The working poor are working people whose incomes fall below a given poverty line due to low-income jobs and low familial household income. These are people who spend at least 27 weeks in a year working or looking for employment, but remain under the poverty threshold.

In the United States, the official measurement of the working poor is controversial. Many social scientists argue that the official measurements used do not provide a comprehensive overview of the number of working poor. One recent study proposed over 100 ways to measure this and came up with a figure that ranged between 2% and 19% of the total United States population.

==Measurement==
===Absolute===
According to the US Department of Labor, the working poor "are persons who spent at least 27 weeks [in the past year] in the labor force (that is, working or looking for work), but whose incomes fell below the official poverty level." In other words, if someone spent more than half of the past year in the labor force without earning more than the official poverty threshold, the US Department of Labor would classify them as "working poor". (Note: The official poverty threshold, which is set by the US Census Bureau, varies depending on the size of a family and the age of the family members.) As of 2021, the poverty threshold for a family of four people is $27,479 and for a single person $13,788.

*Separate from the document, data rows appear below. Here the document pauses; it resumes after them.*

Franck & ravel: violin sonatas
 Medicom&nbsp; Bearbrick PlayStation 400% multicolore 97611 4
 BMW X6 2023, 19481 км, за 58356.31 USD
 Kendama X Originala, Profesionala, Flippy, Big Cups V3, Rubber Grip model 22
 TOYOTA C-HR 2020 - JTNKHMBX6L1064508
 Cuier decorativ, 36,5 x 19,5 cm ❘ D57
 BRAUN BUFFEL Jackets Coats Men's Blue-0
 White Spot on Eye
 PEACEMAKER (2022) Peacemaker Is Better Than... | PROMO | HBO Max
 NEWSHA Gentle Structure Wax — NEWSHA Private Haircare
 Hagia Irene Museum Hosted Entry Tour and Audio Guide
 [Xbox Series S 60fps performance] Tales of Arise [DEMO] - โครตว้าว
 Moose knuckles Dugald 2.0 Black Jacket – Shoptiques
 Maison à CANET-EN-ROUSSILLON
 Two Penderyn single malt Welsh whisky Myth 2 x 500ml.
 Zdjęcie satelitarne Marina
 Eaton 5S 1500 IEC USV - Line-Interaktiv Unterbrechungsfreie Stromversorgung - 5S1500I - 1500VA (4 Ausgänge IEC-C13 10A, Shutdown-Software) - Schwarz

The official poverty threshold is calculated by using the Consumer Price Index for goods, multiplying the cost of a minimum food diet in 1963 by three, a family's gross income (before tax), and the number of family members. In 2023, 6.1 million people were classified as working poor. Among people who spent at least 27 weeks in the labor force, the working-poor rate was 3.8 percent, down from 4.0 percent in 2022. Because there has been, and still is, debate on how accurate using this metric is, the US Census Bureau began publishing a Supplemental Poverty Measure in 2011. The main difference using this metric is that a person's poverty status is determined after subtracting taxes, food, clothing, shelter, utilities, childcare and work-related expenses, and including government benefits and people living in the home that do not fit the "family" definition (such as an unmarried couple, or dependent foster children). Using the SPM, the poverty rate overall increases, particularly the rate of the working poor. In 2018, the official rate was 5.1% vs the SPM's measure of 7.2%.

===Relative===
In Europe and other non-US, high-income countries, poverty and working poverty are defined in relative terms. A relative measure of poverty is based on a country's income distribution rather than an absolute amount of money. Eurostat, the statistical office of the European Union, classifies a household as poor if its income is less than 60 percent of the country's median household income. According to Eurostat, a relative measure of poverty is appropriate because "minimal acceptable standards usually differ between societies according to their general level of prosperity: someone regarded as poor in a rich developed country might be regarded as rich in a poor developing country."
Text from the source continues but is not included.